De cette réalité tragique, l'auteur né en 1958 a tiré un roman poignant, traversé de rêves et de prémonitions. Depuis les débuts de l'épidémie en 1996, il s'est rendu plusieurs fois dans sa province natale. Il y a vu les vendeurs de cercueils dépassés par la demande, les champs à l'abandon, les maisons et les rues hantées de mourants, l'incompétence des autorités. La mort d'un enfant le décide à écrire sur le drame; le narrateur du Rêve du village des Ding sera un jeune garçon mort, empoisonné par les villageois qui veulent se venger de son père. Celui-ci a bâti sa fortune sur la collecte du sang. Sans scrupules, il continuera à s'enrichir en vendant aux villages les cercueils donnés gratuitement par le gouvernement et en organisant des «mariages dans l'au-delà» pour les morts restés célibataires.

Tandis que le grand-père Ding, vieillard respecté aux songes prophétiques, regroupe les malades dans l'école dont il est responsable, les sentiments exacerbés génèrent leur lot d'incidents et d'émotions violentes dans la petite communauté des condamnés. Et l'auteur de mettre scène les conséquences de la maladie à travers une galerie de personnages colorés. Ravages sur les familles et les couples, effacement des rites qui fondent une culture – deuils, mariages –, appétits de pouvoir, rivalités, vols et chantages, mais aussi générosité, amitié, amour à mort. Ainsi de la passion adultère qui lie «l'oncle» à une jeune séropositive et fait voler en éclats les tabous et les interdits de la société rurale traditionnelle. Car le contraste est frappant entre les villages qui vivent au rythme des saisons et d'us ancestraux, et Shanghai, ville ultramoderne aux mille gratte-ciel de verre. Dans une Chine en pleine mutation, courir aveuglément après la richesse peut être dangereux, suggère aussi Le Rêve du village des Ding.

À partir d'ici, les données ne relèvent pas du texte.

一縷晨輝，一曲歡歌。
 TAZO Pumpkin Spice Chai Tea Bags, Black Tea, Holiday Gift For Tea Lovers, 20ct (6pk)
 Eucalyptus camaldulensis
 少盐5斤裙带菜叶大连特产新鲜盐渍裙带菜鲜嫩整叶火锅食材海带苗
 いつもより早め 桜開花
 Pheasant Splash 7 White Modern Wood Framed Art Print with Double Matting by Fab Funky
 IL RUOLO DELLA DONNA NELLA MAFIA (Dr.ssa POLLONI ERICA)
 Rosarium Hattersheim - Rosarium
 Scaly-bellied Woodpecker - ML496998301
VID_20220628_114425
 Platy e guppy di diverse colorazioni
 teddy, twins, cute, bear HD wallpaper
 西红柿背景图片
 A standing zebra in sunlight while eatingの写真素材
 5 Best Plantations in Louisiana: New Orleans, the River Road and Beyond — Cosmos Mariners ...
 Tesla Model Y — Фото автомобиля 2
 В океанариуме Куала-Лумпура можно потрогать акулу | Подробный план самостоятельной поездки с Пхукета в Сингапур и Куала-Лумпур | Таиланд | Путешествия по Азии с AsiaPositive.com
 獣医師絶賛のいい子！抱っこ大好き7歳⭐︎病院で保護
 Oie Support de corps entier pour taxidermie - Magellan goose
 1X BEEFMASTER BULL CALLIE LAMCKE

Péripéties, rêves et descriptions s'enchaînent avec fluidité, au tempo d'une écriture rapide qui se rapproche parfois du conte par sa simplicité et un sens aigu du symbole. Sans céder au pathos, Yan Lianke semble respecter une distance subtile par rapport au récit, qui lui permet de pénétrer avec pudeur dans l'intimité d'un monde à l'agonie. C'est que le narrateur, à la fois familier et spectateur de ce monde, semble toujours légèrement au-dessus de l'action: lui-même décédé, il dédramatise la mort et son recul autorise l'humour.

Libre et iconoclaste

On finit par s'habituer à la perte. Les défunts «ne comptaient pas plus désormais que des chiens, des chats ou des fourmis écrasées sous les pieds. On n'entendait plus de pleurs, on ne voyait plus de banderoles funéraires sur les portes. Quand quelqu'un mourait, on l'enterrait aussitôt.» Le village déshumanisé se vide, le silence s'étend. Mais quand il met le point final à son roman, Yan Lianke est submergé de «larmes de désespoir». L'écrire «a usé [sa] vie», «diminué [son] espérance de vie», raconte-t-il dans la postface. «Au moment de remettre mon manuscrit entre les mains de l'éditeur, j'ai l'impression de ne pas lui donner seulement un roman mais aussi un ballot de souffrance et de désespoir.» Dans ses lignes, dit-il, il a mis tout son amour de l'existence et celui, «irraisonné», qu'il porte à «l'art du roman» tel qu'il le conçoit. C'est-à-dire libre, courageux, profondément iconoclaste. Le Rêve du village des Ding a d'ailleurs été censuré par les autorités chinoises. Son éditeur n'a pas été autorisé à en faire un retirage, et son auteur est interdit de parole.

Yan Lianke, Le Rêve du village des Ding, trad. par Claude Payen, Ed. Picquier, 2007.